A health issue cannot be addressed unless a vocabulary exists to describe its symptoms. Exhibits provide words for a topic that has been swept under the rug for centuries, leaving our collective vocabulary under-developed. This linguistic feat is explained well by the developers of the My Mother’s Keeper exhibit in New Jersey who described one goal of their exhibit was to “allow space for language to emerge” so dialogue can occur. Families and children who visit mental health exhibits can be seen having dialogue. Real dialogue.

Given the inadequacy of traditional funding in mental health care, developing mental health literacy through this type of social entrepreneurship yields the possibility that “an ounce of prevention is worth a pound of cure.” Perhaps this is why the human resources department at a Minnesota-based retailer, one of America’s largest, has demonstrated interest in Mind Matters. Prevention requires understanding.

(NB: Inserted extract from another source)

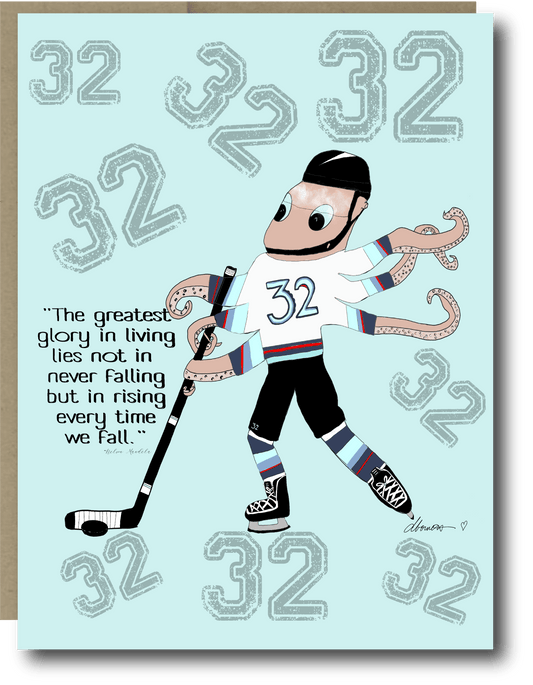 Octo Hockey Number 32 Fan Green Greeting Card - Note card Seattle Hockey Team colors - Squirrellyartmama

Real people. Real illness. Real dialogue. Real understanding. A possibility now exists to utilize a constellation of exhibits about mental health – perhaps via a National Museum of Mental Health – to revolutionize understanding, prevention and wellness nationally, all while unlocking economic benefits and advancing human dignity. Real progress.

Paul M. Piwko teaches at Assumption College where Alexandra Orlandi is a senior psychology major. In November, their business model for a virtual National Museum of Mental Health was presented at the New England Psychological Association.